Writing – What’s after the First Five Pages, Part 1

After years and years of subscribing to Writer’s Digest, I just added The Writer to my writing resources. So far I’m not sorry.

One article in the October issue chronicles the worst mistakes in mystery writing. Some points were unique to the genre, but many were not. Some I’d already filed away in my mental folder of Things to Avoid, including coincidence or an act of God, narration masquerading as dialogue, a superfluity of viewpoints, and stereotypical characters.

Another point was “false starts.” At first I didn’t know what that referred to—prologues, maybe? As it turns out, this was in part also in my Things to Avoid list. The point of emphasis is that readers need to keep reading, so the first scene should intrigue.

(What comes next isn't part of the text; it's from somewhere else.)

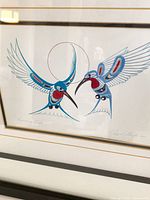 Close-up of artwork showing two hummingbirds, signature and edition number visible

Readers should be asking, What happens next?

Pitfalls that dampen the intrigue are glumps of backstory, over-the-top “gore, profanity or explicit sex,” and the “flash forward,” usually formatted in, yes, a prologue.

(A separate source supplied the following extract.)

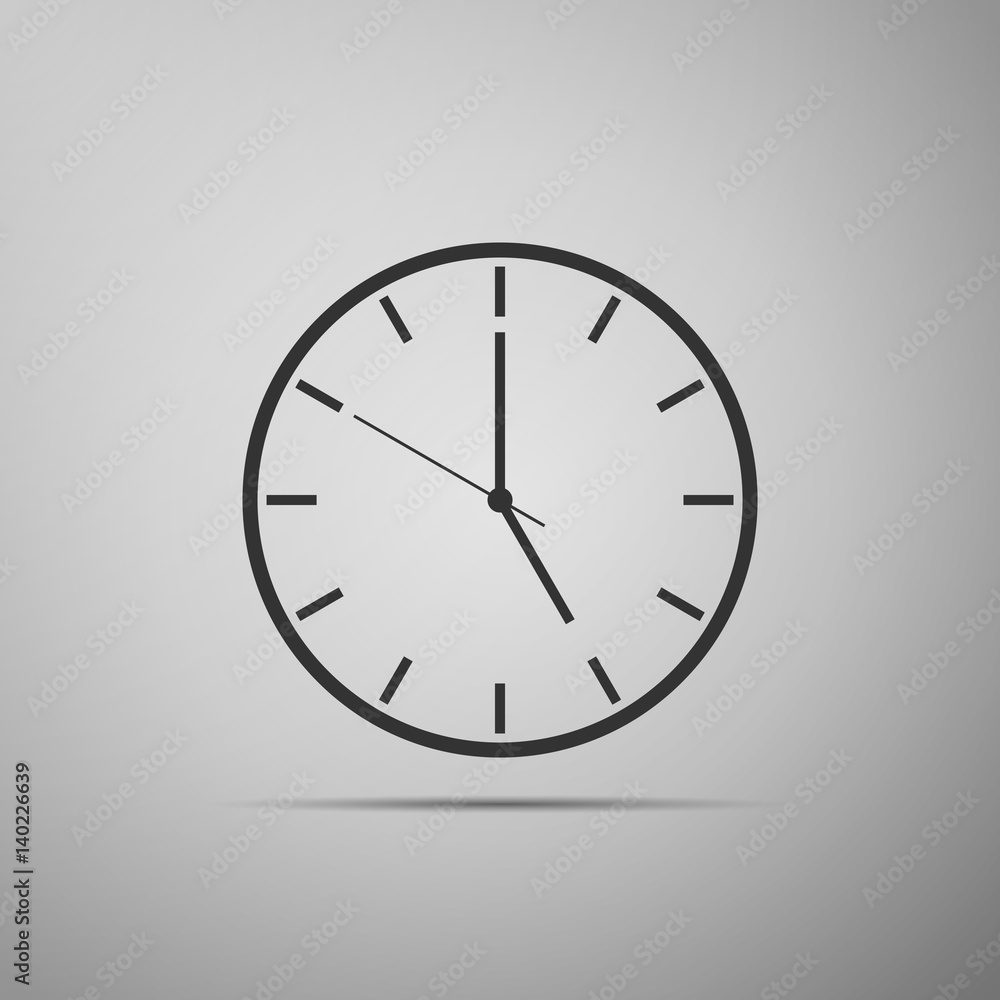 Clock flat icon on grey background. Vector Illustration Clock flat icon on grey background. Vector Illustration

I was familiar with the flash forward itself. The author of this particular article, Hallie Ephron, says the flash forward is a device writers are tempted to use in order to begin with an exciting scene when the actual beginning seems to lack pizazz.

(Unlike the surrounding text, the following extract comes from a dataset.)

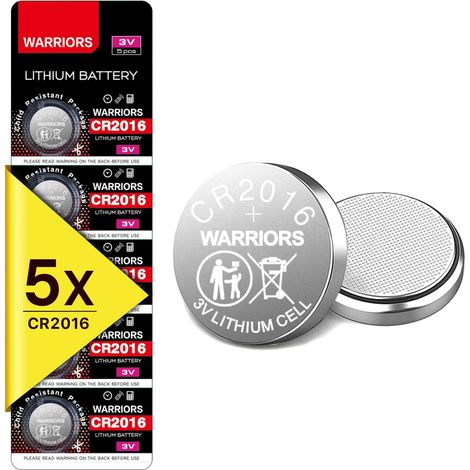 5X Pile CR2016 3V Lithium Bouton Emballage sécurité enfant. Pour clés, balances, calculatrices, télécommandes, montres et petits appareils (1/5)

The real point of this “false starts” issue, I think, is that readers need to keep reading. But that speaks to more than the beginning. If readers love the first five pages of a book, only to be bored silly in the next ten, I doubt seriously if they will feel the Need to Read.

And that’s the goal writers should have—make those readers care, make them want to keep going, make them impatient to pick up the book again if life forces them to put it down.

Is there a trick writers can use to pull this off? Yes. First we must create characters readers care about. One of the best writers I know creates quirky characters that are hard to connect with, which I think is an automatic strike against the story. Other books I’ve read have bland characters that are floating through the life of their story. These have a strike against them too because it’s hard to care for a character who doesn’t care.

But the engaging character is only one part. The other is to put tension on every page, as Donald Maass, author of Writing the Breakout Novel, says. It’s so easy to think the reader will “get” that the character description and backstory is vital for their understanding of what’s about to take place, and that they will surely stick around to see just how great the story really is.

This one, I’ve learned the hard way, just isn’t so.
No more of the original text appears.